Executor
The Valve Infra executor is the service that coordinates different services to enable time-sharing test machines, AKA devices under test (DUTs).
This service can be interacted with using executorctl, our client, and/or our REST API.
The executor coordinates the different states for the DUTs, here is a flow chart between the different states.
- Let’s see what every state of a DUT means:
IDLE
: The device is available (but powered down to save energy), waiting for a job.TRAINING
: The device is being tested for boot reliability (20 rounds by default).RETIRED
: The device is undergoing maintenance, and cannot accept jobs.QUICK_CHECK
: The device is verifying that its current configuration matches what is described in the database.QUEUED
: The device has been chosen to execute a job, but the executor isn’t ready just yet (expected to last <1s)RUNNING
: The device is running a job.
Configuration
The executor service is configured through the use of environment variables.
Here are the relevant options to most deployment:
BOOTS_TFTP_ROOT
: Cache folder for boot-related artifacts (default: /mnt/tmp/boots/tftp)
BOOTS_DEFAULT_*
: See Default boot configuration for more details.
EXECUTOR_URL
: HTTP url of the executor service, reachable locally and from the test machines (default: http://ci-gateway)

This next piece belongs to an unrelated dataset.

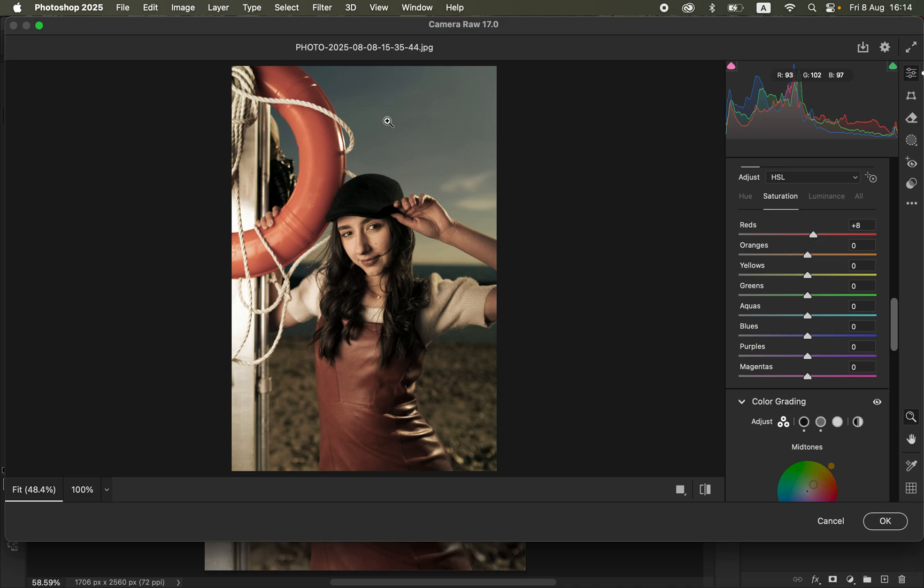Look at the colors in the image and analyze them. We have some blues — come to Blues and increase their saturation intensity. We also have more reds and a little bit of oranges, so click the Orange slider and slightly increase that as well. You can see the before and after difference.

EXECUTOR_ARTIFACT_CACHE_ROOT
: Folder to use as a cache for the kernel/initrd artifacts used by the jobs (recommended, default: None)
FARM_NAME
: Name of the test form (mandatory, default: None)
GITLAB_CONF_FILE
: Path to the gitlab runner configuration file, which will be overridden as new test machines are added to the farm (default: /etc/gitlab-runner/config.toml)
GITLAB_CONF_TEMPLATE_FILE
: Template to use for the creation of the gitlab runner configuration file (default: $package_dir/templates/gitlab_runner_config.toml.j2)
MARS_DB_FILE
: Path to the database (default: /mnt/permanent/mars_db.yaml)
MINIO_URL
: URL to the local minio service, accessible both locally and by test machines (default: http://ci-gateway:9000`)
MINIO_ROOT_USER
: Admin username for the local minio service (default minioadmin)
MINIO_ROOT_PASSWORD
: Admin password for the local minio service (default minio-root-password)
PRIVATE_INTERFACE
: Network interface connected to the DUTs’ network (default: private)
SALAD_URL
: URL to the salad service (default: http://ci-gateway:8005)
SERGENT_HARTMAN_BOOT_COUNT
: How many rounds of testing should be used to qualify a test machine (default: 100)
SERGENT_HARTMAN_QUALIFYING_BOOT_COUNT
: How many successful rounds of testing should be used to qualify a test machine (default: 100)
SERGENT_HARTMAN_REGISTRATION_RETRIAL_DELAY
: How many seconds should be waited after an unsuccessful registration attempt before trying another one (default: 120)
And here are the lower-level options:
BOOTS_DISABLE_SERVERS
: Set to a non-empty value to disable netbooting services (DHCP and TFP). (default: None)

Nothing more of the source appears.